17 Ambulans Disiagakan di Distrik Luar Kota Nabire
- 29 Jan 2026 04:33 WIB
- Nabire
RRI.CO.ID, Nabire : Dinas Kesehatan Kabupaten Nabire terus memperkuat layanan kegawatdaruratan melalui penambahan armada ambulans di wilayah distrik, baik darat maupun laut. Langkah ini dilakukan untuk mempercepat akses rujukan pasien, khususnya di wilayah terpencil dan pesisir.
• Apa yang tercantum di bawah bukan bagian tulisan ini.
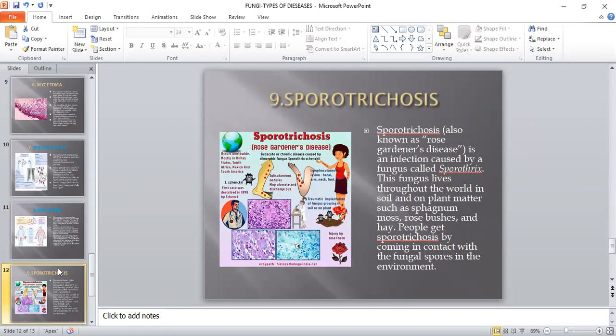Another important fungal disease is sporotrichosis, commonly known as rose gardener's disease, because this fungus is present in the thorns and stems of rose flowers. It is an infection caused by a fungus called Sporothrix, which lives throughout the world in soil and on plant matter such as sphagnum moss, rose bushes, and hay. People get sporotrichosis by coming into contact with fungal spores in the environment. It causes lesions in the hand, arm, and foot, and subcutaneous nodules may ulcerate and discharge pus if injury is caused by rose thorns.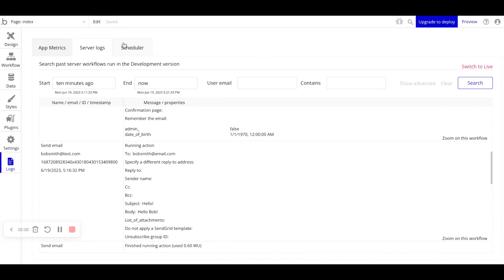Lastly, we'll go over the scheduler. As we mentioned in our backend workflows tutorial video, backend workflows are only able to be run on a paid plan. So if you're on a free plan, unfortunately, your backend workflows won't run.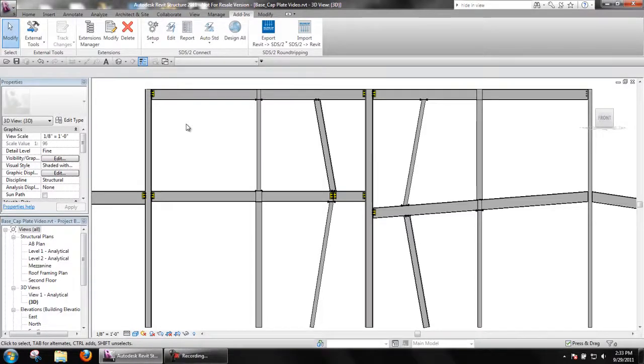SDS2 Connect can design base or cap plate connections for vertical or sloping columns, framing to flat or sloping beams.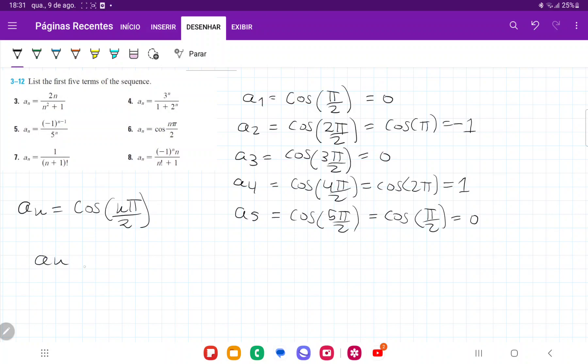So our sequence goes 0, negative 1, 0, 1, 0, and so on. We can see that it just alternates between 0, negative 1, 0, 1, and repeats itself again. That's what we get when we expand the first 5 terms of this sequence.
Kepala Bidang Pelayanan Kesehatan Masyarakat Dinas Kesehatan Kabupaten Nabire, Hamza, M.Kes., mengatakan saat ini terdapat 10 unit ambulans darat yang telah disalurkan ke distrik luar kota. Selain itu, 7 unit ambulans laut atau speed boat juga disiagakan untuk wilayah tanpa akses jalan darat.
Ambulans laut tersebut ditempatkan di Puskesmas Wapoga, Menouw, Moor, Mambor, Napan, Kwatisore, dan Yeretuar guna mendukung evakuasi pasien dari wilayah pesisir menuju fasilitas kesehatan rujukan.
Terkait mekanisme pelayanan dan pengaduan keterlambatan ambulans, Hamza menjelaskan bahwa petugas pada umumnya siaga di puskesmas. Namun, pada kondisi tertentu seperti pelayanan luar gedung, koordinasi tetap dilakukan melalui puskesmas setempat.
“Kalau yang untuk pengaduan keterlambatan pelayanan ambulansnya ini sebenarnya tergantung, karena puskesmas itu petugas ada di tempat ya. Jadi biasanya kalau tidak ada laporan dari masyarakat, biasanya mereka stay di puskesmas. Tapi ada yang layanan namanya PHC, Public Health Care atau pelayanan di luar gedung, artinya perugas kunjungan ke rumah. Biasanya kalau mereka pas pelaksanaan baru dapat kasus langsung koordinasi ke puskesmas,” kata Hamza kepada tim LPP RRI Nabire, Rabu 28 Januari 2026z
Ia menambahkan, mekanisme rujukan saat ini sudah terintegrasi dengan sistem digital. Untuk kasus darurat, pasien dapat langsung dirujuk ke rumah sakit tanpa menunggu proses berjenjang.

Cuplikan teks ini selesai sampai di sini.